This post seems to be as good a place as any to opine about what, in my mind, constitutes the contentious definition of progressive rock. Among fans there’s a debate between those who insist that the term means to constantly “progress” and push the envelope into new territory, and those who enjoy music that draws inspiration from and emulates (to varying degrees) the stylistic hallmarks of the genre’s 1970s heyday. To the former group, when bands like Yes deliver new music in the style that they pioneered, they cease to “progress”…in contrast, for example, to a band like King Crimson, which is constantly reinventing itself.

To my mind and ear, what prog rock did in the 1970s—and what I personally like about it—was to greatly expand the potential vocabulary of rock and roll by:
  1. Incorporating the extended voicings and non-diatonic tonalities of jazz, classical, and world music rather than the basic root-plus-fifth power chords and 12-bar blues chord progressions common in classic rock, 
  2. Using different song structures than verse-chorus, sometimes drawing upon the extended structures of classical music and other song cycles, 
  3. Expanding the sonic palette by introducing instruments not normally heard in rock-and-roll, from synthesizers to nylon string guitars to flutes to vibraphones, 
  4. Breaking out of the standard 4/4 and occasional 3/4 time signatures and introducing the feel of asymmetric, or even quickly-changing, meters, much like the Dave Brubeck Quartet did for jazz with Time Out (1959).
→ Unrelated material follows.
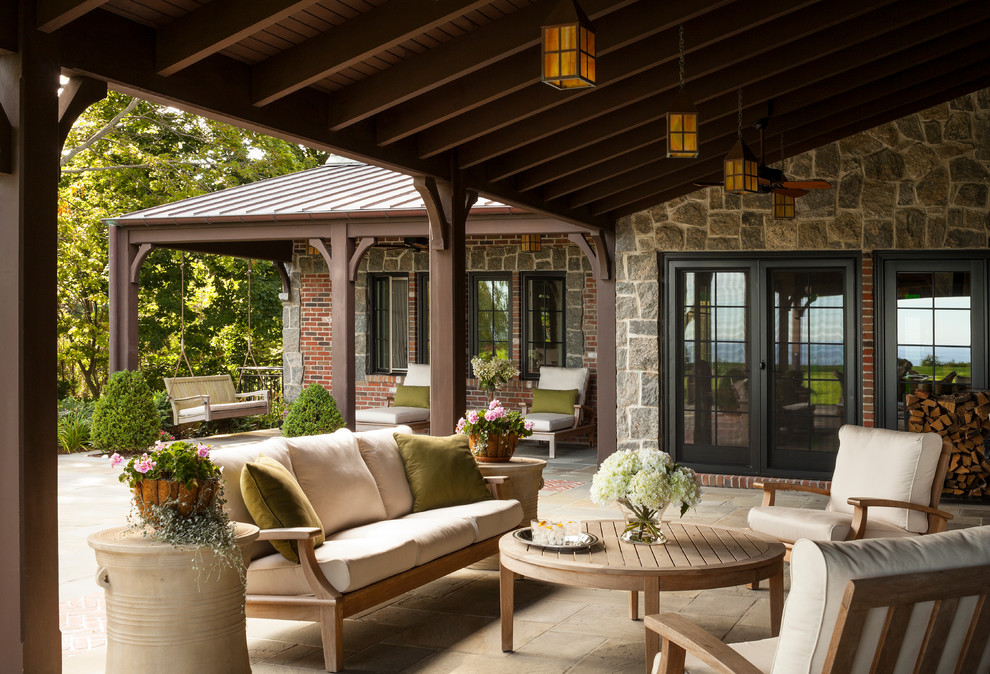 Immagine di un grande patio o portico stile americano dietro casa con pavimentazioni in pietra naturale e un tetto a sbalzo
  5. Shamelessly plundering and incorporating the feel of other genres, whether it be jazz, classical, folk, or world music. I especially like vocal harmonies taken from folk music, and the contrapuntal possibilities of groups like Gentle Giant and Spock’s Beard.  Note that prog records like Patrick Moraz’s The Story of I (1975) and Manfred Mann’s Somewhere in Afrika (1983) used Brazilian and African percussion before it hit the mainstream with Paul Simon’s Graceland (1986). [Of course, world music had been used in pop and rock pre-1986, including Simon’s “Mother and Child Reunion.”]
  6. Finding lyrical inspiration outside of the love songs that dominate so much of rock-n-roll. (Sometimes this has resulted in clichés like Tolkien rock, or completely abstract or indecipherable lyrics.)
These are the elements that I enjoy in prog rock music both old and new. Or just music (I confess to really liking Shakira’s “Rejection Tango” when it came out because it threw everything from accordion to a B-52s vibe into the sonic blender). Prog was a statement that basically threw out the rulebook for rock and made a mongrel or melting pot of everything out there. And for that reason, I see nothing wrong with groups who gravitate to certain sounds or instruments that the genre defined…so long as it isn’t pure mimicry. This is my take on it; your mileage may vary.